4. Apply the Cash Value to Your Premium

Instead of taking money out to cover expenses, you may be able to use the cash value of your policy to pay for part or all of your premiums, freeing up space in your budget for other expenses.

Pros:

  • Allows you to keep coverage in place if you're strapped for cash
  • Reduces your monthly expenses

Cons:

  • Cash value may not be available for other expenses
  • Policy may lapse if all funds are used

Alternatives to Cashing Out Life Insurance

Rather than siphoning the cash value of a life insurance policy, consider the following alternatives, which can give you quick access to cash without jeopardizing your coverage.

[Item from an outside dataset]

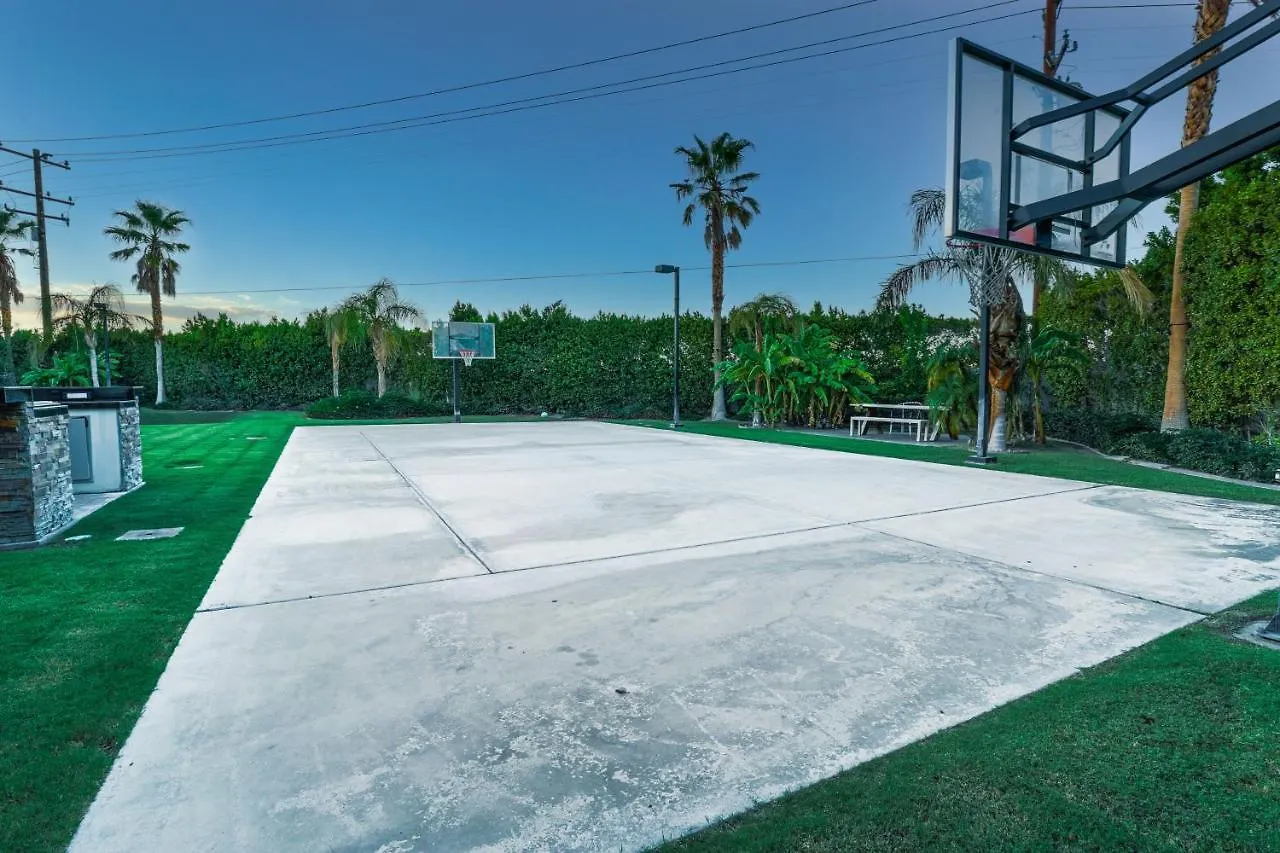 Exclusive, Upscale Palm Springs Estate With 5-Star Amenities Villa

  • Personal loan: Personal loans can provide cash for just about anything and they often have lower interest rates than credit cards—especially if you have good credit. Before applying, check your credit scores to get an idea of the rates and terms you may qualify for, and review your finances to ensure you can afford the monthly payments.
  • 0% intro APR credit card: Credit cards with a 0% APR introductory offer can help you avoid paying interest altogether if you pay off your balance before the promotional period expires.
  • Credit card cash advance: A cash advance is an expensive loan from your credit card issuer that comes with fees and interest rates that are higher than the card's standard rate. Cash advances can also decrease your credit scores by increasing your credit utilization ratio and probably aren't your best bet if you qualify for other options.
  • Home equity loan: Tapping into the equity you've built in your home may help you get a lower interest rate than a personal loan or credit card since your home is collateral. The downside is that you're putting your home at risk if you can't make your payments.

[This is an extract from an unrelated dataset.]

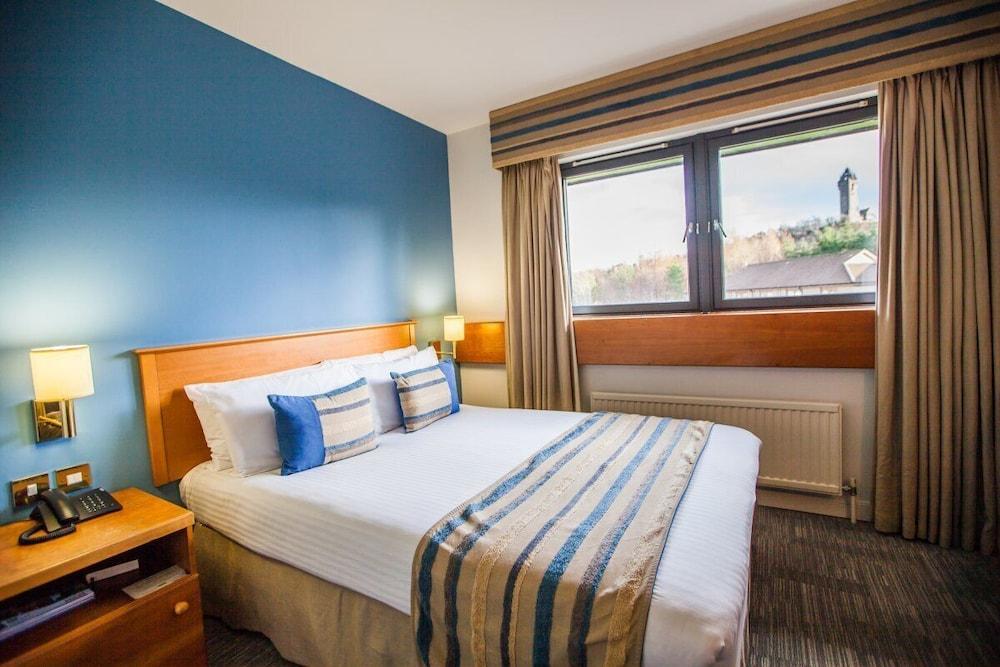 Stirling Court Hotel ภายนอก รูปภาพ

Frequently Asked Questions

  • Whether you can borrow from your life insurance depends on the type of coverage you have. Permanent life insurance typically has a cash value component you can borrow against if the balance is large enough.

  • Life insurance withdrawals aren't usually taxable if you withdraw less than you paid in. However, if you withdraw more than you paid into the policy, you may be required to pay taxes.

  • Yes. If you cash out or surrender your life insurance policy, the provider generally charges a surrender fee. Fees tend to be higher if you've only had your policy for a short time and typically decrease over time.

  • You can typically withdraw up to the amount you've paid into your policy. If you want to withdraw the full amount, you will need to surrender your policy, and you'll no longer have life insurance coverage. You could also make a partial withdrawal, which allows you to maintain your life insurance coverage but decreases the death benefit your beneficiaries receive.

  • Withdrawing or borrowing money from your life insurance policy may be a good option if you're in a pinch and need cash for an emergency, but it's probably not a good idea for nonessential spending. Before deciding whether to tap into your policy's cash value or choose another method to get extra cash, consider the pros and cons of each option and evaluate how it may affect your financial future.

The Bottom Line

You can withdraw money from a permanent life insurance policy, but not a term life insurance policy. If you're in need of quick cash, there may be better alternatives to explore that won't put your loved ones' financial health at risk once you're gone.